Rare day to relax

photo Becky Delaney-Sherrill, 50, gets her nails done for the first time Friday by women volunteers with the Georgia Cumberland Conference of Seventh-day Adventist Women's Ministries. The Free Spa Day was held at the Loose Cannon Gallery building. "I've never done anything like this," said the mother of three, and grandmother of seven. Staff Photo by Tim Barber/Chattanooga Times Free Press

Light, beauty-shop chatter echoes in the wide building space off Rossville Avenue as the tables, covered with lotion bottles and polishes and nail clippers, filled.

Holly Bledsoe, a frazzled, Alton Park mother of two who has been without a job for more than a year, finds a seat and puts out her hand.
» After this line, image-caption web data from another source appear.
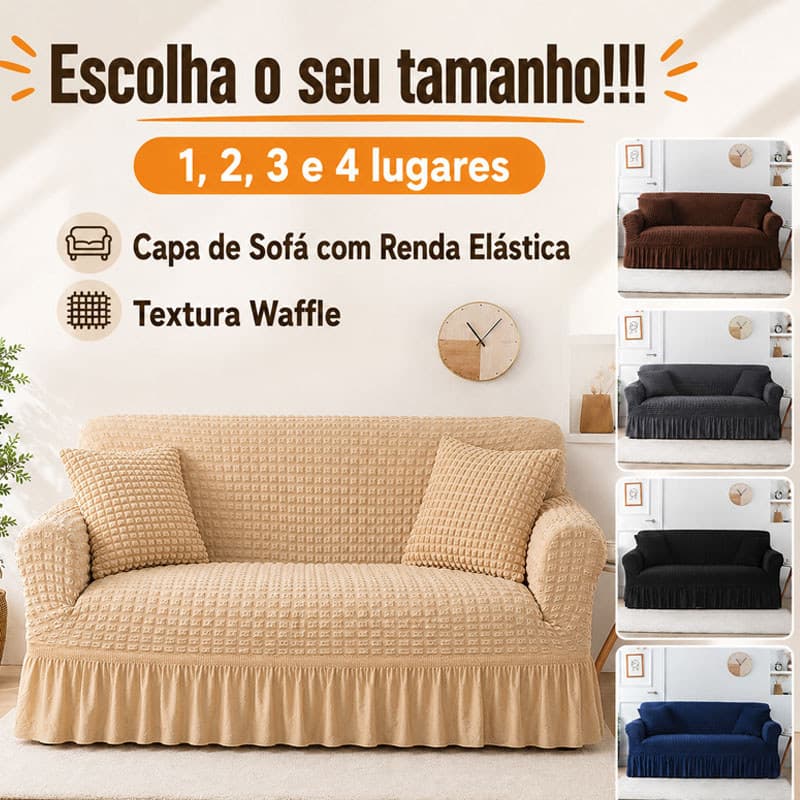 Capa De Sofá Com Renda Elástica. 1/2/3/4 Lugares Antiderrapante A Prova De Poeira, Lavável, Textura Waffle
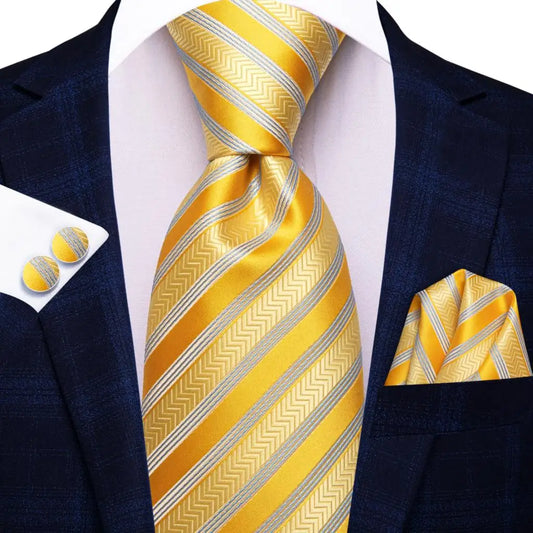 Yellow Striped Tie With Matching Cuff Links and Pocket Square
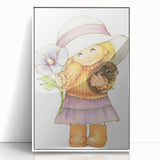 Vintage Girl and Bunny Wall Art - Nursery and Kids Room Print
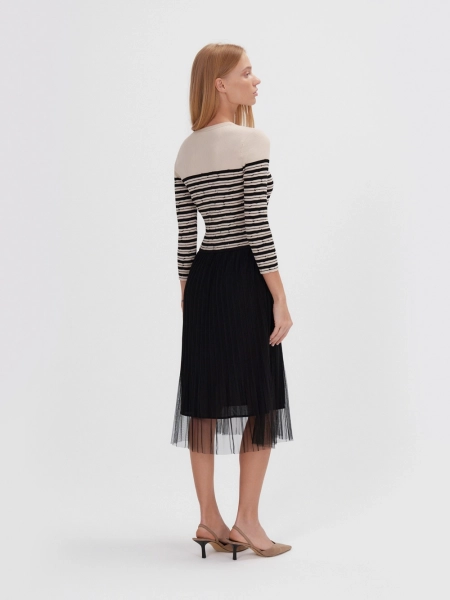Платье трикотажное с юбкой из фатина SOLO·U  купить онлайн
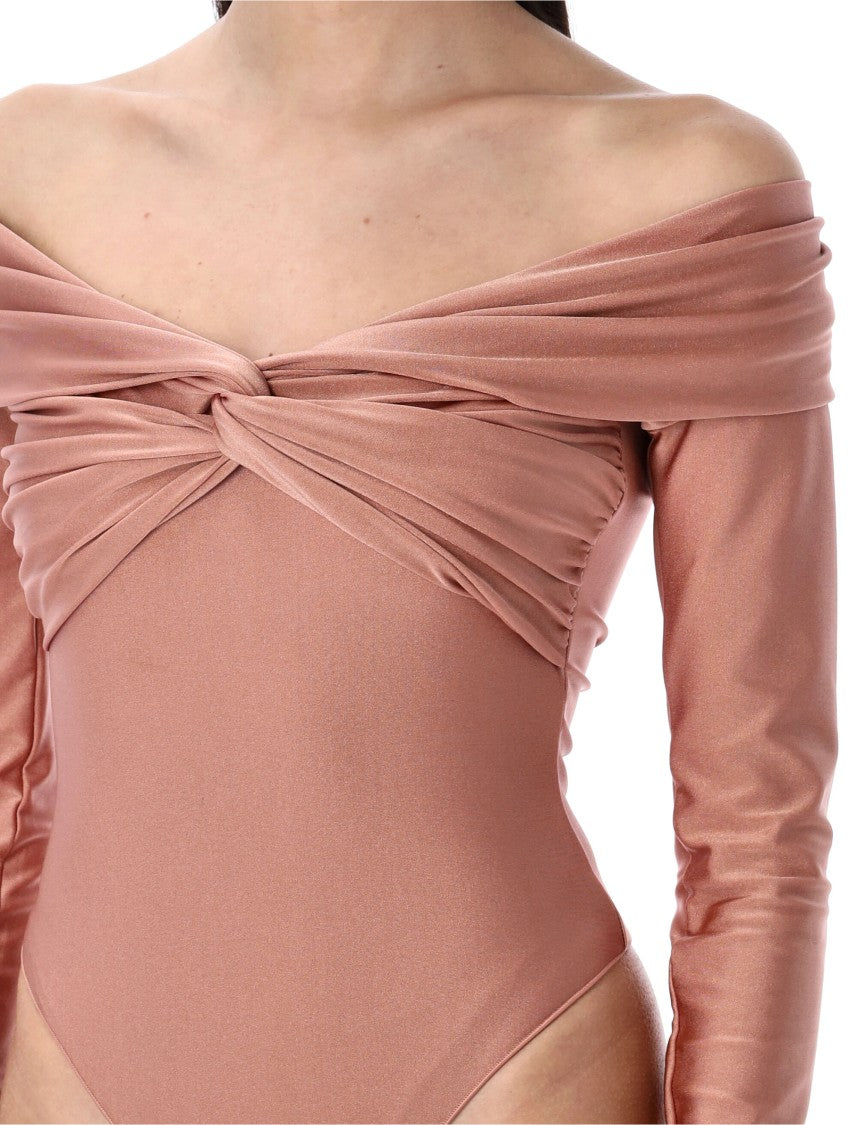 The Andamane Stretch Off-Shoulder Draped Bodysuit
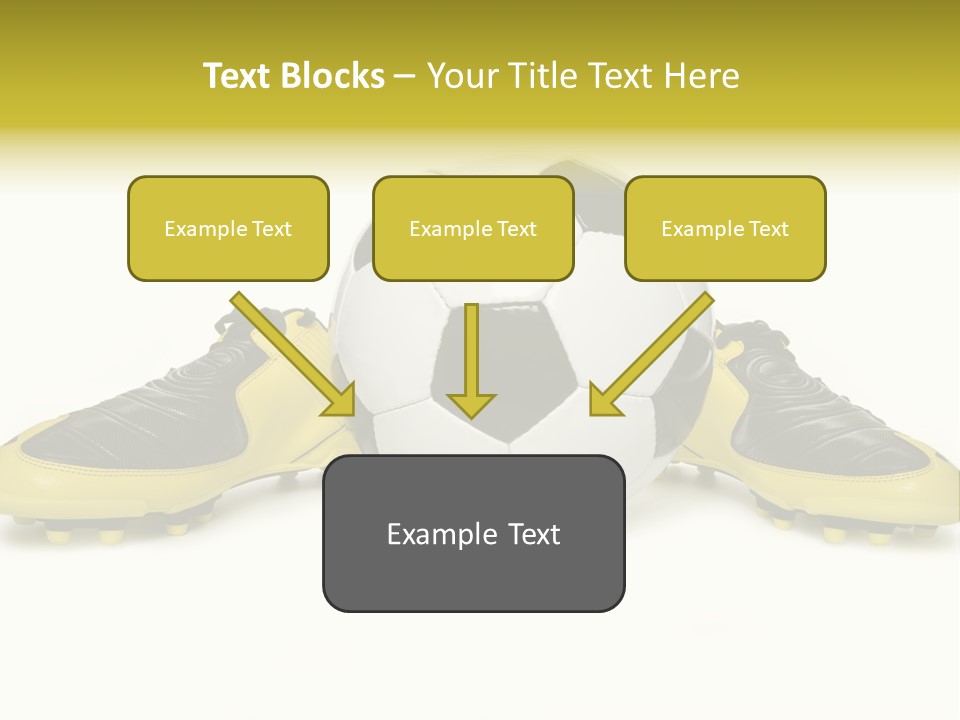 A Soccer Ball Sitting On Top Of A Pair Of Shoes PowerPoint Template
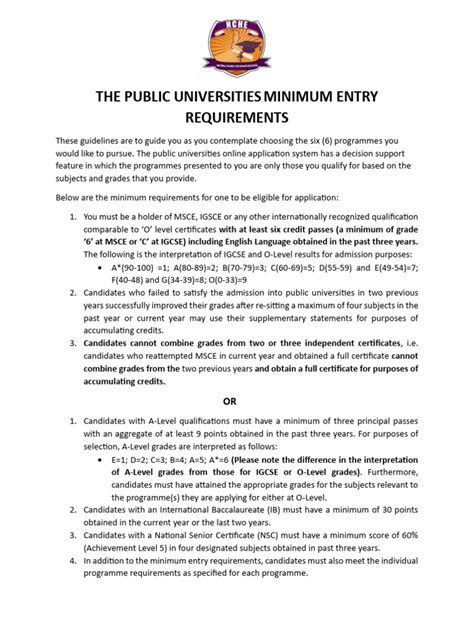 academic board minimum entry requirements purpose Epub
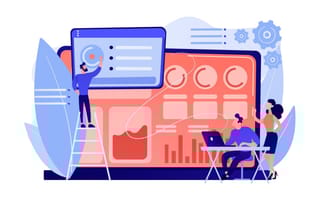 A graphic shows a man on a ladder analyzing a chart. His two colleages sit on the right side of the graphic and watch him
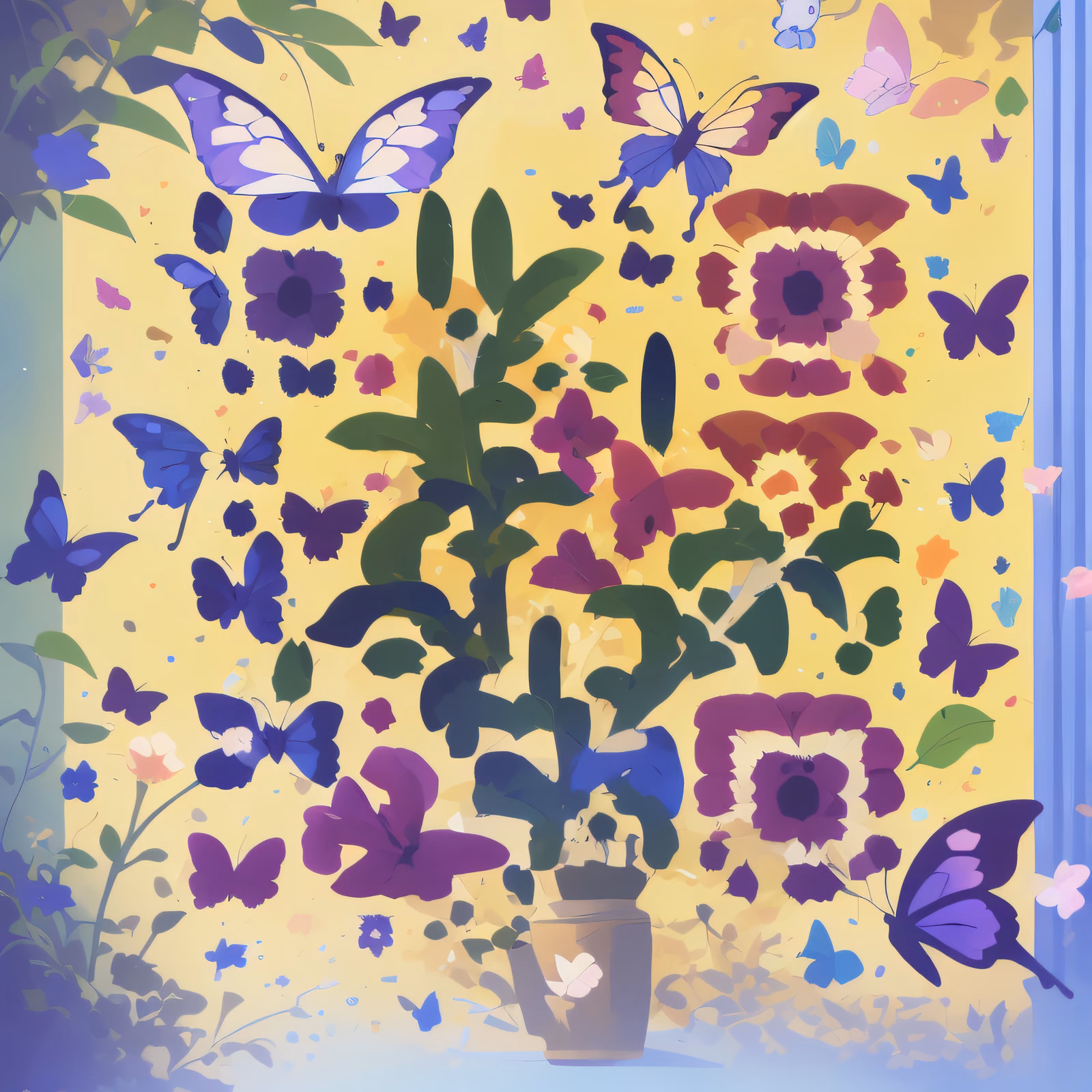 Butterflies and Flower Vase Vector QR Code Art — image 1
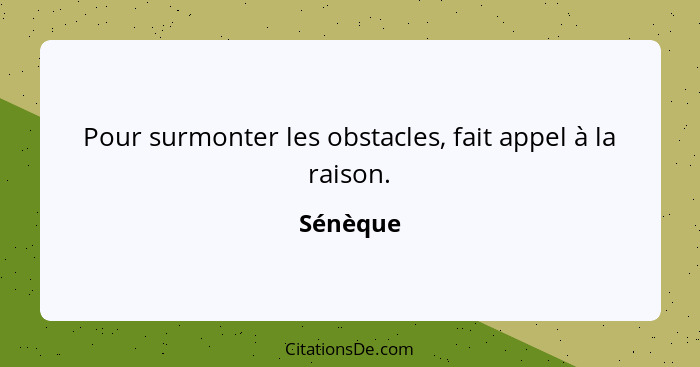 Pour surmonter les obstacles, fait appel à la raison.... - Sénèque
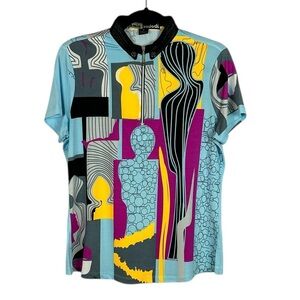 Jamie Sadock Sporty Athletic Short Sleeve 1/4 Zip Faux Leather Collar Top Medium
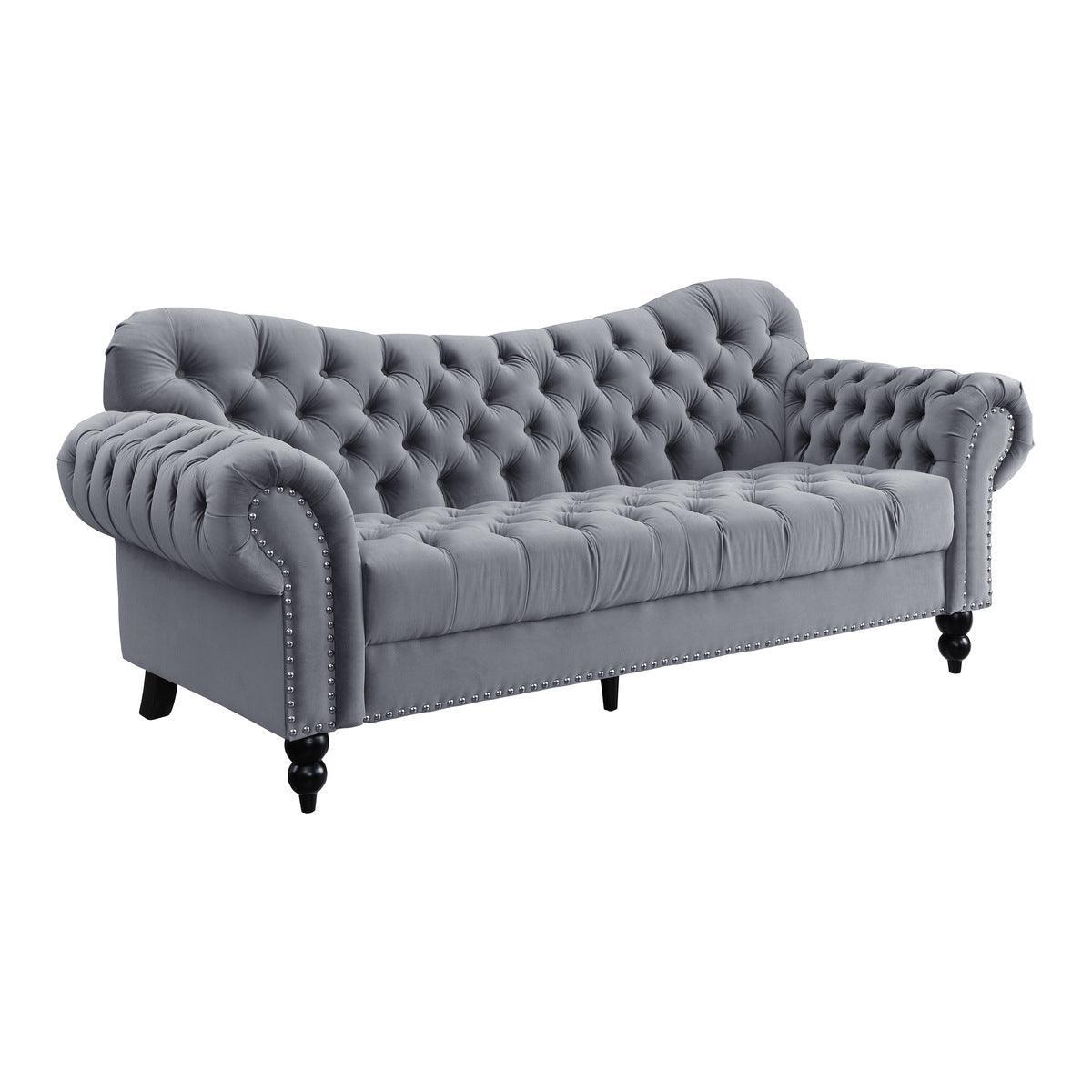 Rosalie Dark Gray Traditional Solid Wood And Plywood Velvet Fabric Upholstered Tufted Sofa - Ella Furniture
Like most of the woman who came to the free spa day advertised in the halls of the Chattanooga Community Kitchen and the Chattanooga Housing Authority office, Bledsoe can't remember the last time someone did her nails or rubbed her shoulders.

It had been three years since her hair had been cut and curled. She missed it, but there was so little time and money to take care of herself these days, she said.

"This will give me a lot of confidence to go out and find [job] interviews," she said.

About 75 low-income and homeless women were treated Friday at the free spa day hosted by a Seventh-day Adventist ministry called God in Shoes. The group of more than 50 female volunteers, from North Georgia, Alabama and Tennessee, arranged the day to minister to women without.

"Many of these women are so used and abused. They feel discarded," said Jo Dubs, a Cleveland, Tenn., native who founded God in Shoes in 2004 and ran the event. "They don't know what it is like to come to a quiet place. We try to give them love and respect and show them their value."

Dobs said she had hoped for a better turnout, but the group will host another free spa day in May to try to reach out to more women on the streets.

A full menu of typically expensive spa services was offered. At one station, women had their hands soaked and scrubbed. At another, their nails were shined and painted. The teenage girls and grandmothers who manned the tables took their time.

Four stylists washed, cut and styled hair at mobile sinks. Massage therapists tried to work knots out of backs and arms. Other women helped administer gooey face masks and scrubs.

And at the end of their treatments, the women picked out a quilted blanket and a pair of shoes to take with them.

"I haven't gotten this attention in a long time," said Jeanette Gaines, a 53-year-old from Alton Park who cares for her nine grandchildren.

Becky Delaney-Sherrill, who saw an ad for the spa day at the Chattanooga Community Kitchen and came with her 22-year-old daughter, Melanie, said the event gave her a chance to connect with her daughter. The two of them hadn't spent any real time together in a while, she said.

"I've never done anything like this," she said. "Today is a girl's day."